The problem. Your answer should be an exact copy of the lines from the start of the entries to the line containing "Gruthdin - Dark", both included.

###

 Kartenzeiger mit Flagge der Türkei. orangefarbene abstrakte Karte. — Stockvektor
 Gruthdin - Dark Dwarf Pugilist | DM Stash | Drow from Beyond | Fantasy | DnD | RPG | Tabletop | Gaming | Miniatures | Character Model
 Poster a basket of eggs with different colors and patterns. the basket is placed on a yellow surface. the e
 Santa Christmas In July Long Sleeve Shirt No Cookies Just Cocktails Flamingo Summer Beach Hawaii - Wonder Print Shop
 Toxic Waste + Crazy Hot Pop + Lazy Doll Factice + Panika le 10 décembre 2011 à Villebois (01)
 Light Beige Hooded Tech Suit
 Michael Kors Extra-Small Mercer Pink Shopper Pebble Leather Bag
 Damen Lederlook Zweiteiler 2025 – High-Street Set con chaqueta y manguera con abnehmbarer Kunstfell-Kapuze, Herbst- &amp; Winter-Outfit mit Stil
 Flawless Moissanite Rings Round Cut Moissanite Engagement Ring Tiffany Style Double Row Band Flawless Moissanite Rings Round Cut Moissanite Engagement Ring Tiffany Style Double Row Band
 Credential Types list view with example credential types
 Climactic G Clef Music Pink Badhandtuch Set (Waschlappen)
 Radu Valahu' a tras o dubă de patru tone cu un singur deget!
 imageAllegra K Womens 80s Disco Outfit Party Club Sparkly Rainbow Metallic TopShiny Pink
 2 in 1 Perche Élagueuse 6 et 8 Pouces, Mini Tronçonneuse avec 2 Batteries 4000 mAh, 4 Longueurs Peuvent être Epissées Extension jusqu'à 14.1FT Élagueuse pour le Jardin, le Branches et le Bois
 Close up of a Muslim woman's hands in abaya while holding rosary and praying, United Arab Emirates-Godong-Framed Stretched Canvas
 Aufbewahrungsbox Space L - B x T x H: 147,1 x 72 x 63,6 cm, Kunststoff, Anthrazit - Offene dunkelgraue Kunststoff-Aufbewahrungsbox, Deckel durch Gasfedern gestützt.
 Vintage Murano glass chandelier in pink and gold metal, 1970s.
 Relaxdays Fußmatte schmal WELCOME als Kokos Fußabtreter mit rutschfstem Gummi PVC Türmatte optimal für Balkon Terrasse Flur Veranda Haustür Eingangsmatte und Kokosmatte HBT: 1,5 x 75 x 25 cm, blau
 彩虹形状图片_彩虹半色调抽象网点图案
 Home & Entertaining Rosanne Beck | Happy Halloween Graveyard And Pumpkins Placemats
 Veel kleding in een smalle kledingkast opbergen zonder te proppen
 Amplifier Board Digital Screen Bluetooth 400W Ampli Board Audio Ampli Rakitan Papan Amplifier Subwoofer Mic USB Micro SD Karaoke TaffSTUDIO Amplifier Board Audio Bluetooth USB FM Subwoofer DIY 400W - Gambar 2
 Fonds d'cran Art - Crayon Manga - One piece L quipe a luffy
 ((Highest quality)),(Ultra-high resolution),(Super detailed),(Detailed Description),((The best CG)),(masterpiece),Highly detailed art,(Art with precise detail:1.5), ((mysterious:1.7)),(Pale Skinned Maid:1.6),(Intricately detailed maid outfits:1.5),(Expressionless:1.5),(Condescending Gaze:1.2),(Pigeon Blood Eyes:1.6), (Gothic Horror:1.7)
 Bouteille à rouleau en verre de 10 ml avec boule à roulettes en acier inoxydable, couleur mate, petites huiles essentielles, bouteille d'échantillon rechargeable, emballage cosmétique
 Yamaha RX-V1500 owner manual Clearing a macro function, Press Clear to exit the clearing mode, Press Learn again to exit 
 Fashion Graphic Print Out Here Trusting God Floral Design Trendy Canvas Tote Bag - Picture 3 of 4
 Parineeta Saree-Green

###

Answer for the task.
 Kartenzeiger mit Flagge der Türkei. orangefarbene abstrakte Karte. — Stockvektor
 Gruthdin - Dark Dwarf Pugilist | DM Stash | Drow from Beyond | Fantasy | DnD | RPG | Tabletop | Gaming | Miniatures | Character Model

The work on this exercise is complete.